Alle mensen, werkelijk álle mensen, vrouwen, mannen, kinderen, oudjes, jagers uit het steentijdperk, de eerste boeren die in schamele akkertje stonden te krabben, beulen, ketters op brandstapels, kardinalen, slaven, jihadi’s, vrome christenen, rationele atheïsten, hardvochtige kapitalisten, onuitstaanbare wereldverbeteraars, worstenknakkers, veganisten, fascisten, democraten, wij, alle, alle, alle mensen zijn van binnen slijmerig, bloeddooraderd, rozeachtig, grijsachtig, hier en daar een streep geel vet en been. Allemaal. Dat is ons aller massa. Het flinterdunne vliesje dat vel heet en dat die rotzooi bij elkaar houdt is nu eens wat bleker, dan weer wat donkerder en vooral van alles er tussenin. De kleur van ons vel heeft dus geen enkel belang. Correctie: zou geen enkel belang mogen hebben, ik wil de boze werkelijkheid niet ontkennen.

Zonder toe-eigening, geen cultuur. Moeilijker is het niet.

Zonder toe-eigening, geen cultuur. Moeilijker is het niet.

Nog een voorbeeld, om het af te leren.

Toen ik een jaar of twintig geleden een boek met Vlaamse volkssprookjes samenstelde, zei de zeer deskundige professor Top me dat de oorsprong van sprookjes zelden of nooit na te wijzen is. Ze fladderen onbekommerd heen en weer tussen alle mogelijke landen, talen, volkeren en culturen.

Al bladerend door oude verzamelingen trof ik in Vlaanderen alleen al een achttal zeer verwante Assepoesters aan. Maar je vindt dezelfde figuur in Frankrijk (Cendrillon), in Duitsland (Aschenputtel), in Italië (Cenerentola) en dat is nog maar het begin. Je kunt aan haar hand dwars door de eeuwen heen zwerven tot in het oude Griekenland, tot in Egypte en China. Ook Duizend-en-een-nacht weet ervan. Idem dito Klein Duimpje. Idem dito Vrouw Holle. En ga zo maar door. En hoera voor de o zo Duitse gebroeders Grimm! Zij wilde een oer-Duits taalmonument oprichten, hun sprookjes zouden een dam zijn tegen ongewenste Franse invloeden. Intussen weten we dat heel wat van hun verhalen van Franse oorsprong zijn. Allemaal toe-eigening. Anarchistisch. Onverantwoord. Ongrijpbaar.

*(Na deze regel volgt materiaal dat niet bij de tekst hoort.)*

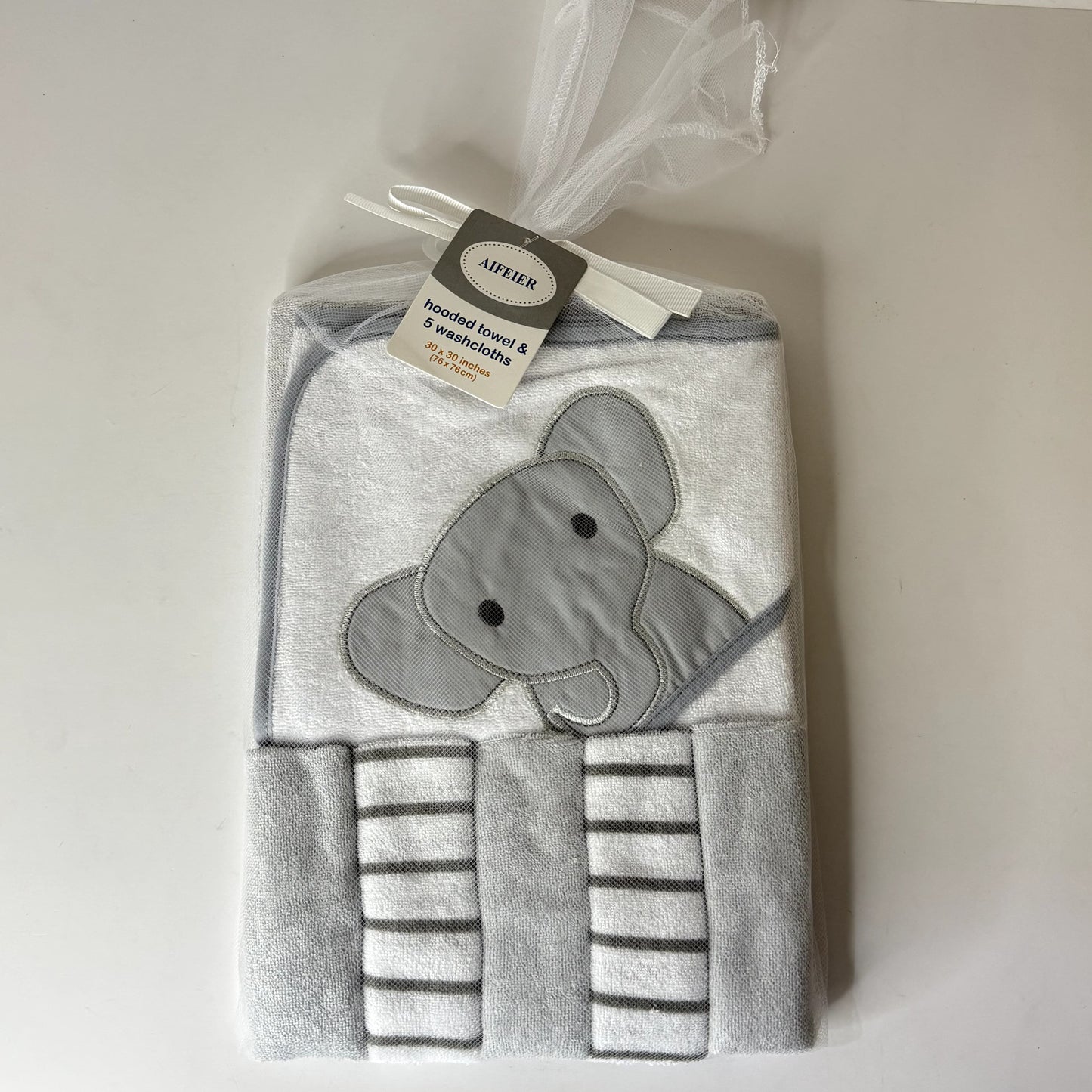 Aifeier Baby Elephant Hooded Bath Towel with 5 Face Towels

Ik kan zo nog uren doorgaan. De Sami in Lapland vertellen zelfs het verhaal van Odysseus en zijn maten in de grot van de cycloop. Maar dan met andere namen. En vooral met veel ijs en sneeuw, want ze wonen in het hoge noorden.

Ik hou maar op.

Nee, nog één ding.

Wie zich tot op het bot verontwaardigd en beledigd voelt en zich woedend keert tegen al die onduldbare culturele toe-eigening, vormt één front, niet met rechts, maar met ultrarechts. Het onvervreemdbaar onze! Het authentiek onvermengde! Het zuivere! Het volkseigene! Wie ten strijde trekt tegen culturele toe-eigening zinkt aan het eind van zijn veldtocht weg in bloed en bodem.